* **What the exercise asks**: No pictures belong in the result; set down exactly the lines from the one containing "Outdoor folding chair" through the final line of the listing, and nothing more.

━━ Information supplied

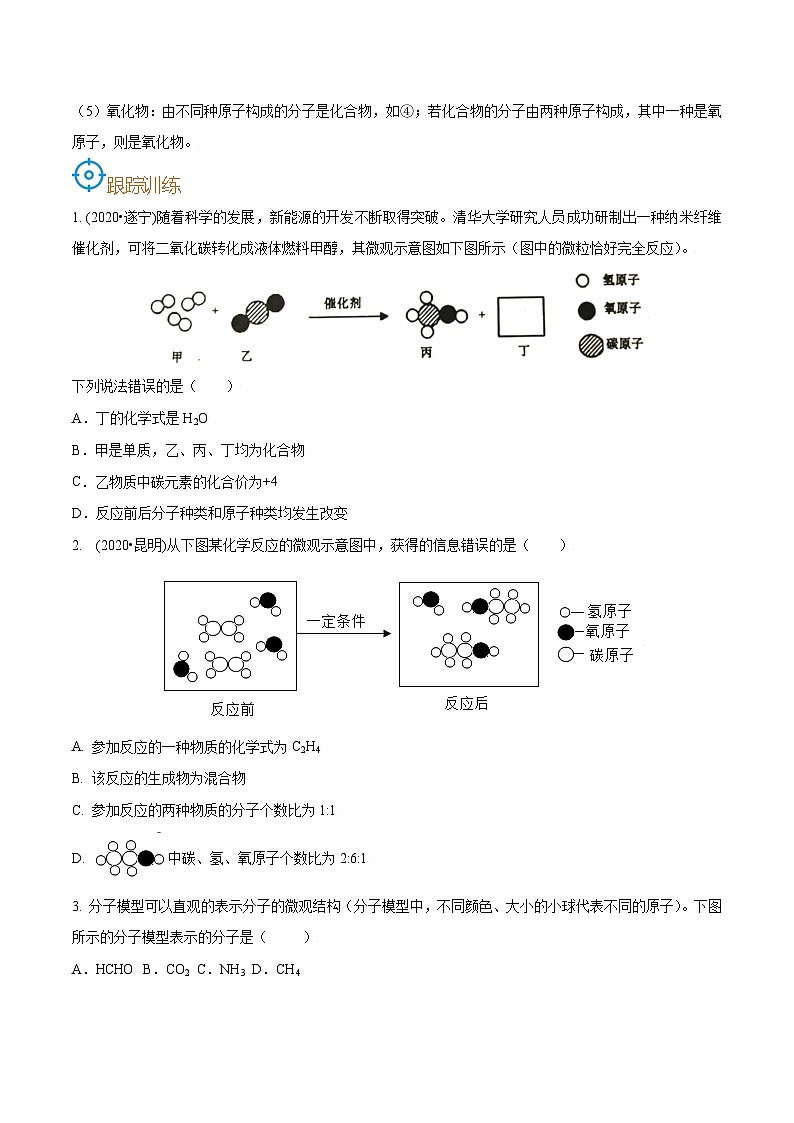 中考化学一轮复习考点巩固练习考点10  微观模型（原卷版）第2页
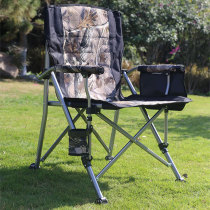 Outdoor folding chair fishing chair portable leisure beach camping painting stool office backrest actor director chair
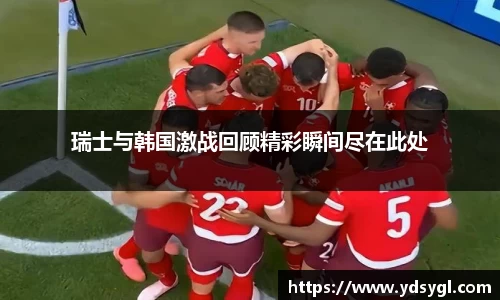 JDB电子平台
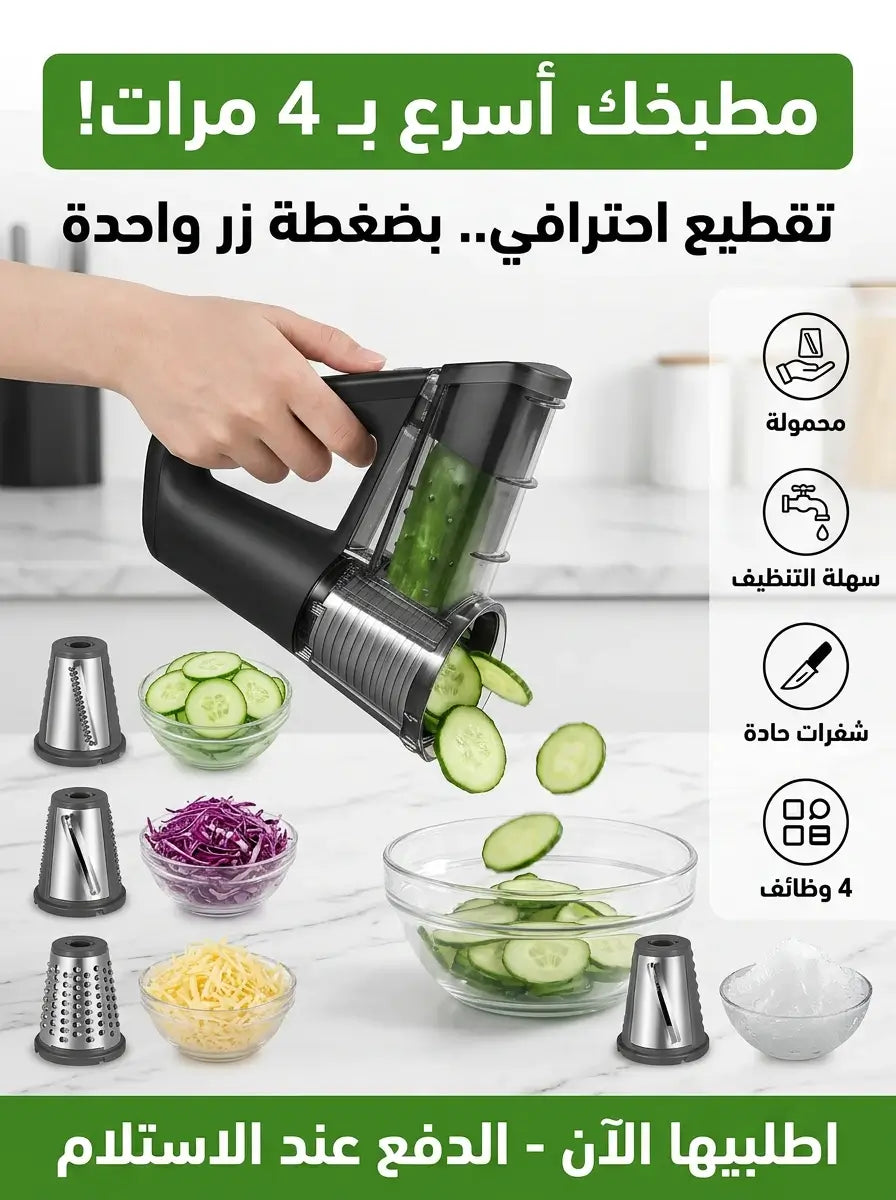 Coupe-légumes électrique portable 4 en 1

━━━━

* **Answer area**:
 Outdoor folding chair fishing chair portable leisure beach camping painting stool office backrest actor director chair
 JDB电子平台
 Coupe-légumes électrique portable 4 en 1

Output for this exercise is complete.